Records to process Start Marker

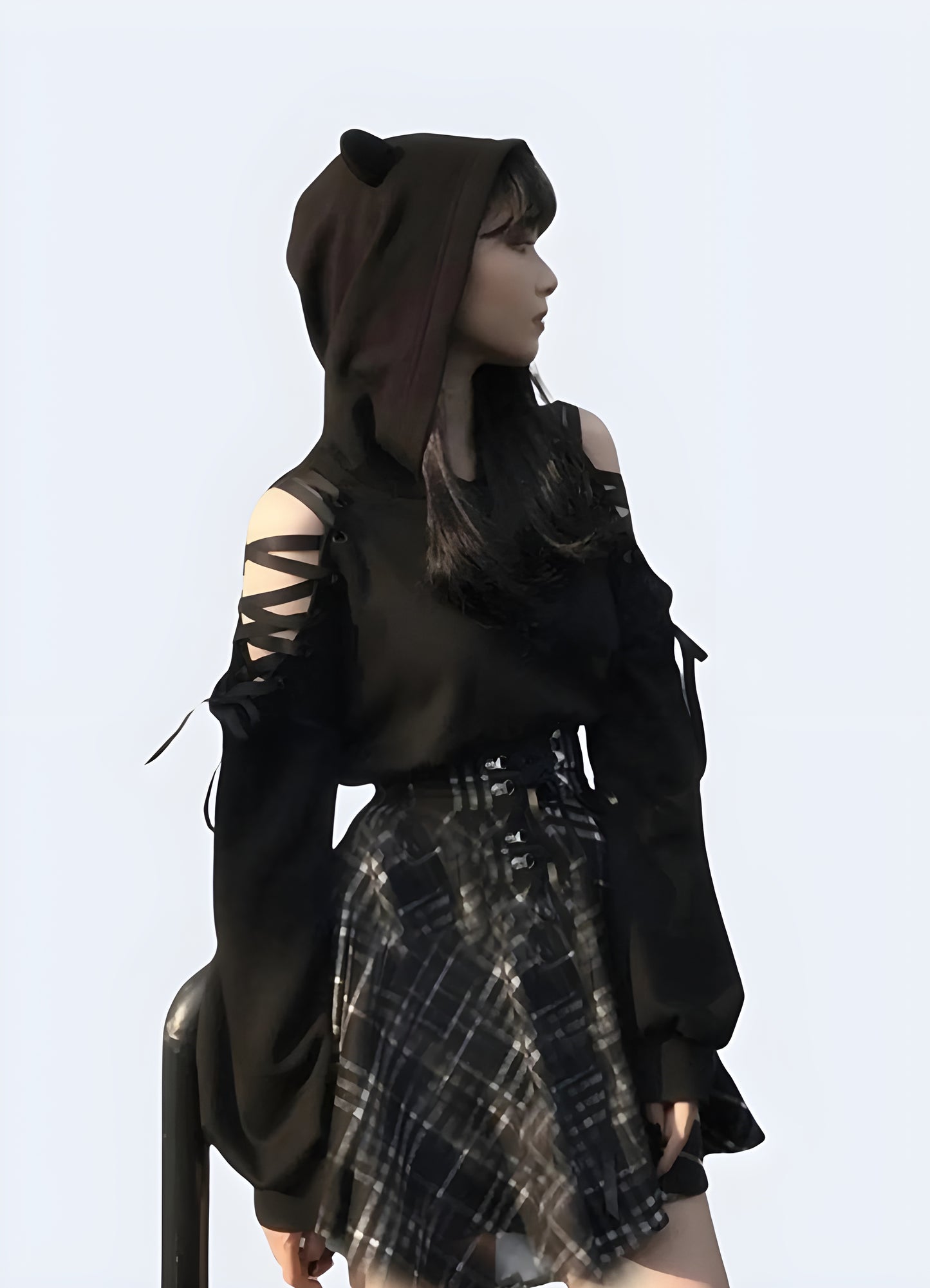 Futuristic kawaii techwear top leggings.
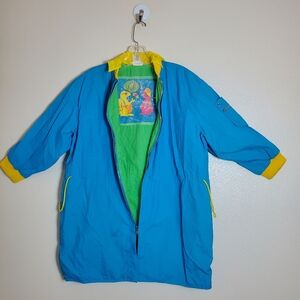 Oilily Vintage Kids Raincoat Size 128 (7/8) Hooded Adjustable Waist Blue Yellow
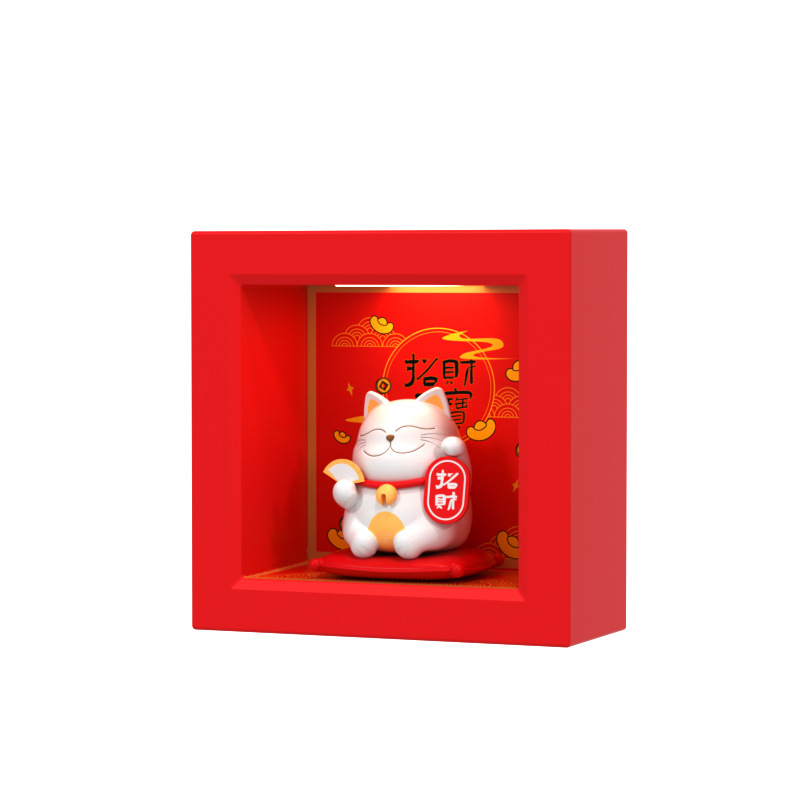 柔光护眼招财猫小夜灯 创意发光相框摆件床头灯 活动伴手礼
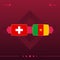 Switzerland, cameroon world football 2022 match versus on red background. vector illustration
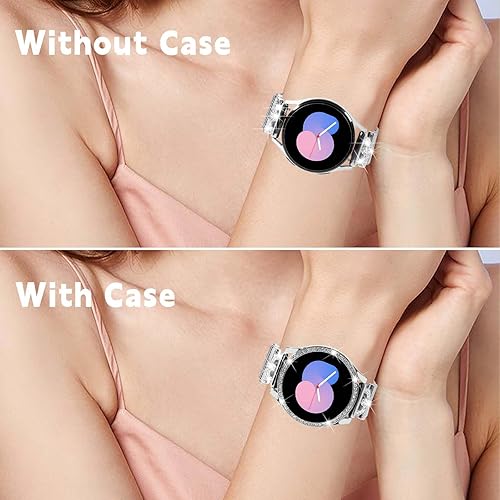 Miniatura 5 de Bandas magnéticas con funda brillante compatible con Samsung Galaxy Watch 54 de 1.575 in 1.732 in, 0.787 in de malla de acero inoxidable con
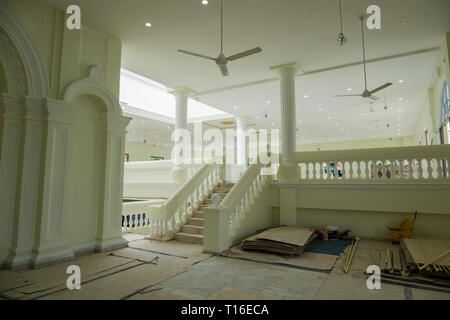 Interior renovation in progress at the Sultan Abu Bakar Mosque in Johor Bahru, Malaysia. Stock Photo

Records to process End Marker

**Description of the task**
Only the records, copied exactly and without pictures, should make up the answer.

**Exercise answer**
 Futuristic kawaii techwear top leggings.
 Oilily Vintage Kids Raincoat Size 128 (7/8) Hooded Adjustable Waist Blue Yellow
 柔光护眼招财猫小夜灯 创意发光相框摆件床头灯 活动伴手礼
 Switzerland, cameroon world football 2022 match versus on red background. vector illustration
 Miniatura 5 de Bandas magnéticas con funda brillante compatible con Samsung Galaxy Watch 54 de 1.575 in 1.732 in, 0.787 in de malla de acero inoxidable con
 Interior renovation in progress at the Sultan Abu Bakar Mosque in Johor Bahru, Malaysia. Stock Photo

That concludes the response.